Selling a Conflict: Two Key Points for Your Players

All of the conflicts I’ve seen work have made two major points to the players/characters: It has to be you, and it has to be now.

It has to be you. This is probably the most important of the two, playing as it does to the egos of the players—and to the verisimilitude of the overall storyline. You need to establish to your players and to their characters (yes, there’s a difference) that this isn’t just their job, it’s Their Job. Some people do this just by dangling a reward too big for the characters to walk away from, allowing them to convince themselves that it’s their job; “It has to be me,” the thought process goes, “or someone else is going to get this awesome reward first. Then there are the plots that tailor it to the characters specifically, either by utilizing circumstances or by playing to their particular skills. “It has to be you, because nobody else can be spared/is in good enough shape/escaped the curse/has a functional spacesuit; it has to be you, because nobody else is as strong/reads minds/knows how to maintain the engines/could hack into a computer system that secure.” Whatever it is, it should definitely be worthy of the characters’ skills, and does better if it isn’t a cakewalk; “it has to be you” doesn’t have near the impact if the player’s pretty sure it could have been anyone else had they just been invited. Heck, if the situation is sufficiently something only they can do, some players are prone to not caring about how soon it needs to be done, or even if it can get done right away; they’re going to find a way to do it anyway, and who cares how many plans they have to try and discard?
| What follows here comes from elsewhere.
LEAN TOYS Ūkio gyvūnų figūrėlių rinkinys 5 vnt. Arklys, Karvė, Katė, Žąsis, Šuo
It has to be now—or at least, as soon as possible. It isn’t just that time sensitivity provides an incentive for the players and their characters to wander off and go fishing; it’s also that time sensitivity creates yet another supporting reason for “It has to be you”: the fact that there isn’t time to go fetch someone else. Even if the threat isn’t immediate, there should be either a definite timeline—or an indefinite, but very pressing, timeline.

Pretty much all the rest of the stakes are variations on why—why it has to be them, and why it has to be now. But if you can’t justify the second—and more, if you can’t justify the first—you’re going to have a lot of trouble keeping the group on track.

3 comments

  1. I think it’s the second point that I usually stumble on. In my current game, the players – and characters – seem on board with the idea that they’re the best/only people for the job, but there’s no sense of urgency. I think I need to rectify this…

  2. Ravyn says:

    You and me both. I should make a point of looking into urgency over the next couple of weeks–hopefully, before my next paper’s due!